■ The task: Look below for the line with "I think when" and the line with "Hello guys, today"; repeat exactly those two lines and all lines between them, but no pictures.

■ Supplied records:
++++

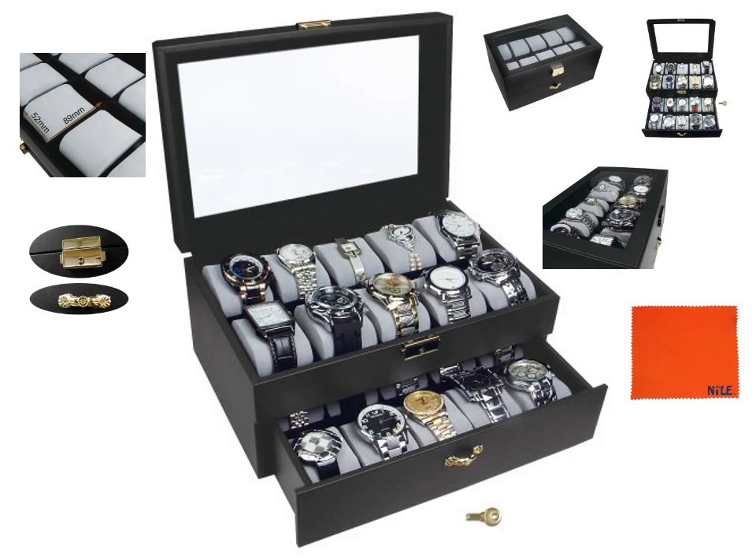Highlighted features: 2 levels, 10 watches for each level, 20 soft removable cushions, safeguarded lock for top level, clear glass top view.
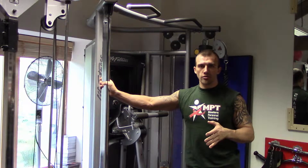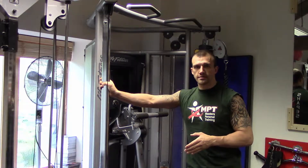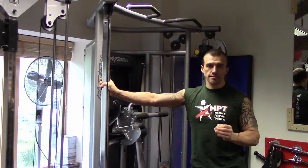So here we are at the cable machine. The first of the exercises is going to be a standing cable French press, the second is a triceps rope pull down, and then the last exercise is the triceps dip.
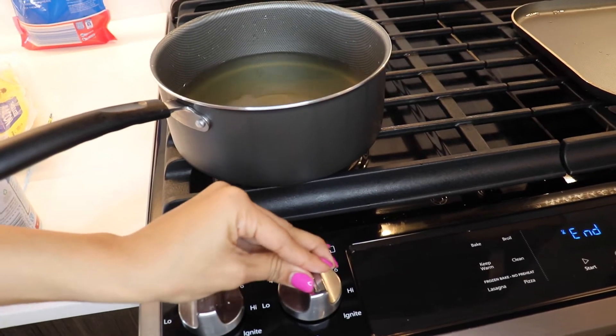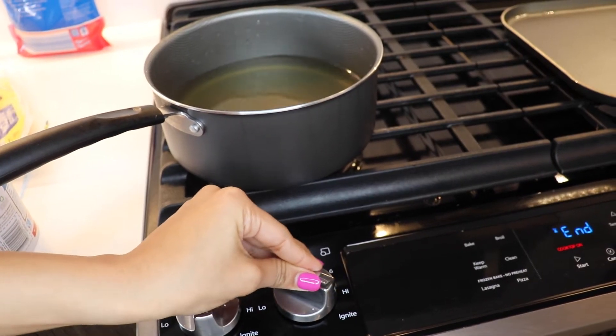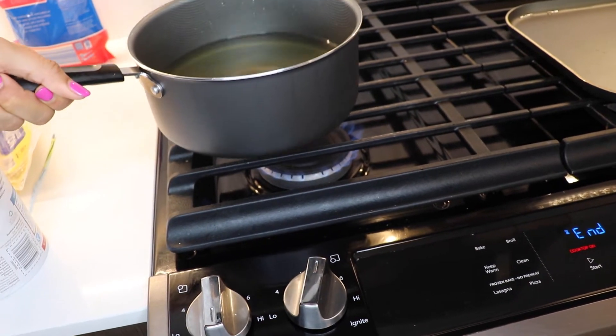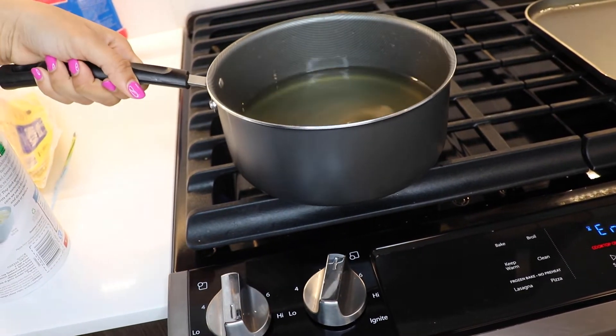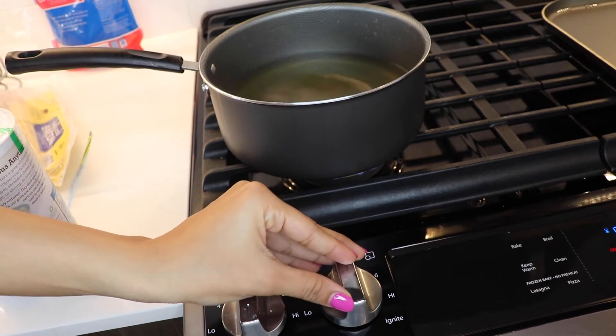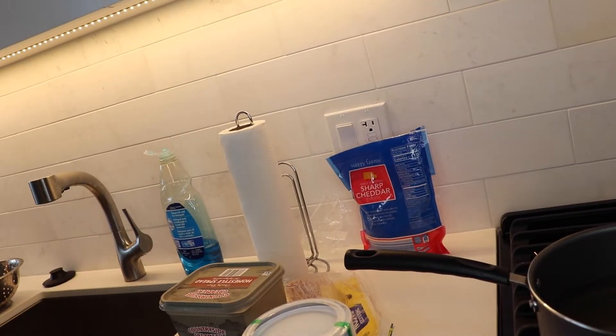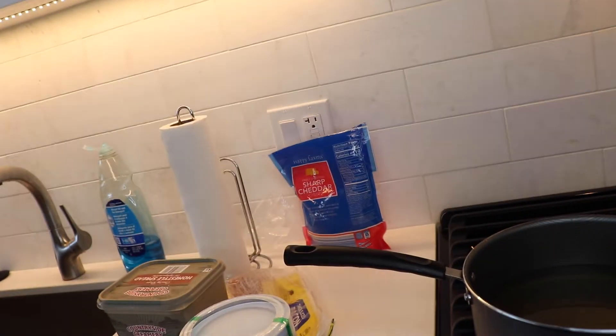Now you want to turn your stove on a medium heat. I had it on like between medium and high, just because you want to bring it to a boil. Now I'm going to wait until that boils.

++++

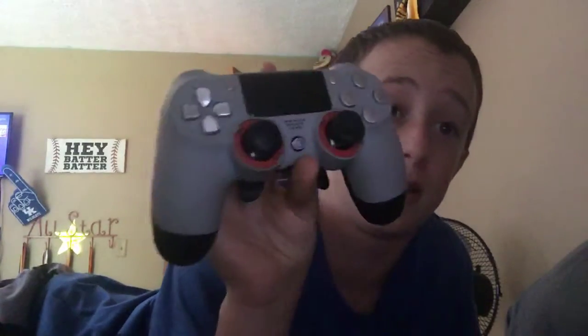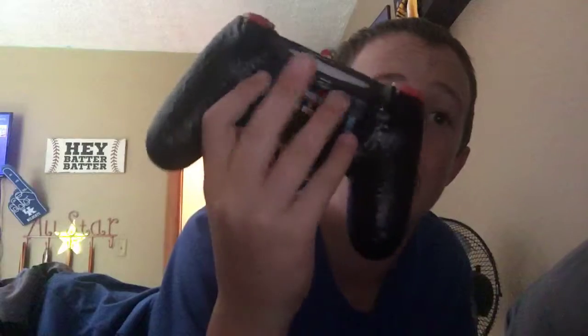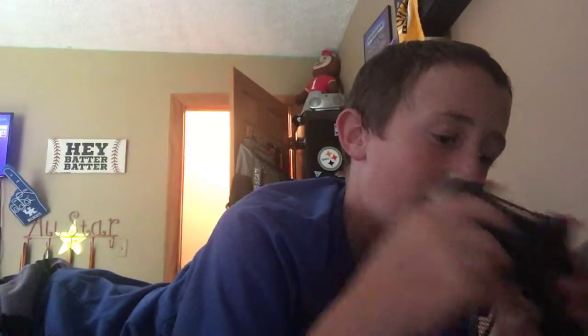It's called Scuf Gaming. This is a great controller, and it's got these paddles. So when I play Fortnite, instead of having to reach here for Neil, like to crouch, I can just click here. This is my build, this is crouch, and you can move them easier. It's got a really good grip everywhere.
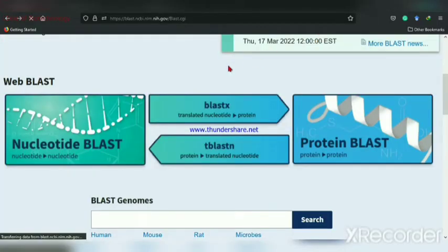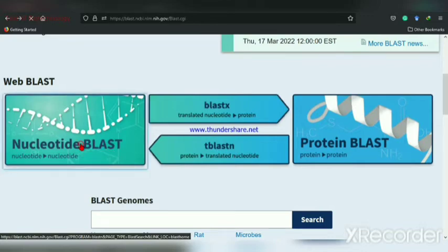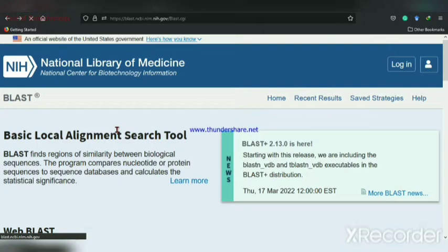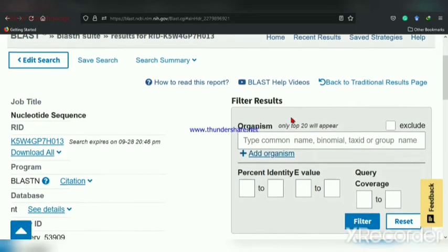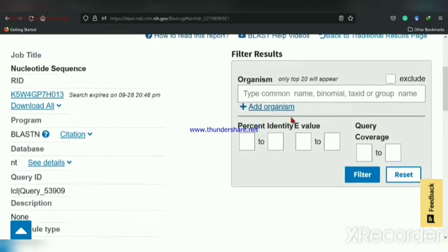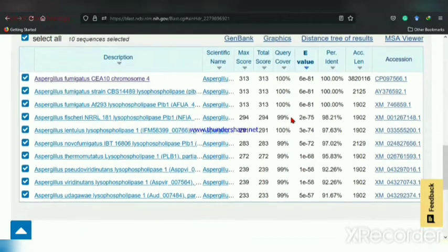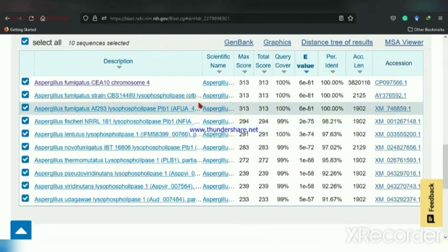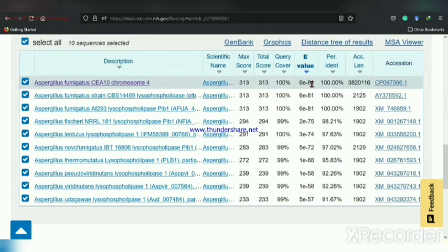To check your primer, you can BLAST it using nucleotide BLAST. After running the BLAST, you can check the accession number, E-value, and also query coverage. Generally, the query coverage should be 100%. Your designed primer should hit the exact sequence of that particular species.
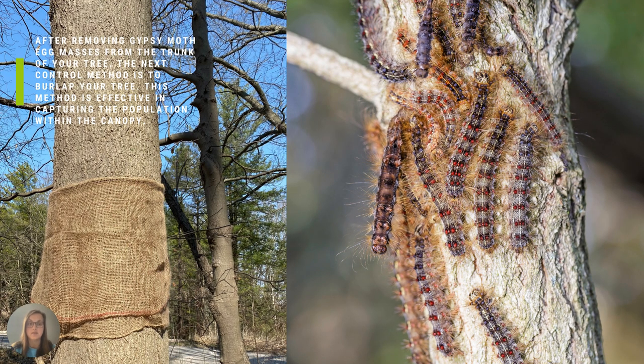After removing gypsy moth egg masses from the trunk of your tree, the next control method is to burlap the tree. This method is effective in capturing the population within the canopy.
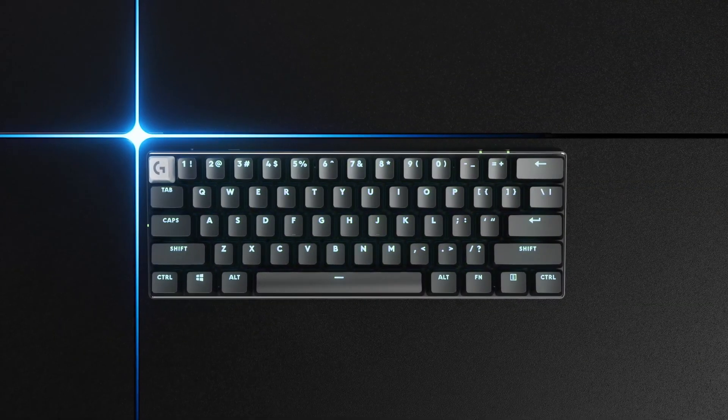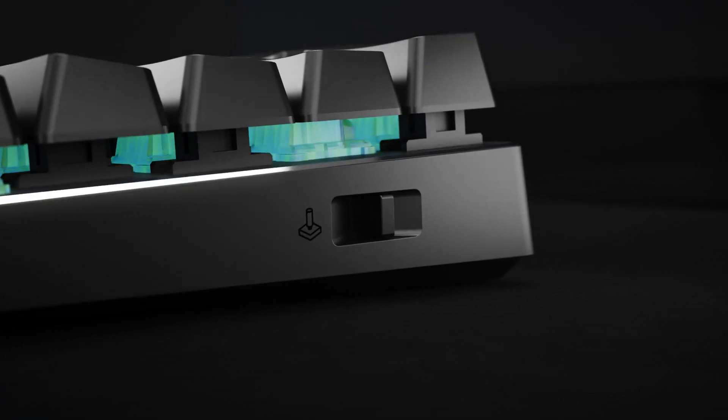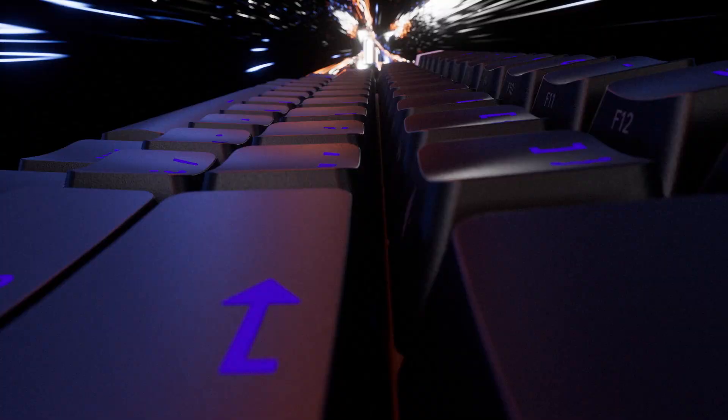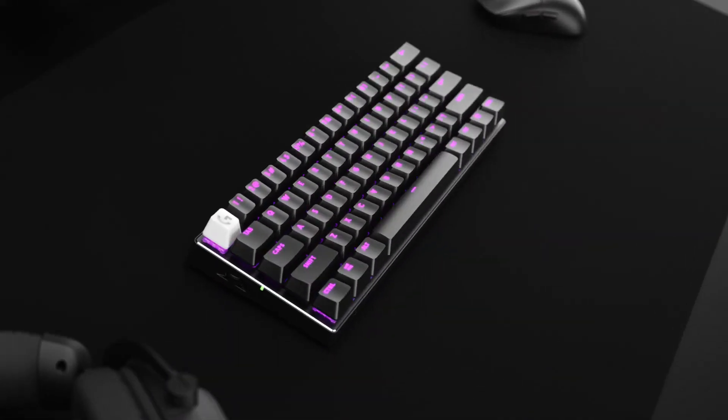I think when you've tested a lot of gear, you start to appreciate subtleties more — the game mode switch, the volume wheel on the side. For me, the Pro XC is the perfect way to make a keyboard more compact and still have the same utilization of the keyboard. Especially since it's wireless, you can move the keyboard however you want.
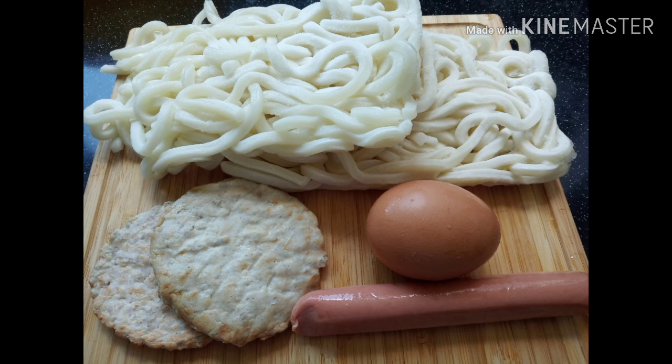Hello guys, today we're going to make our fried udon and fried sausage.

++++

■ Task answer:
I think when you've tested a lot of gear, you start to appreciate subtleties more — the game mode switch, the volume wheel on the side. For me, the Pro XC is the perfect way to make a keyboard more compact and still have the same utilization of the keyboard. Especially since it's wireless, you can move the keyboard however you want.
Hello guys, today we're going to make our fried udon and fried sausage.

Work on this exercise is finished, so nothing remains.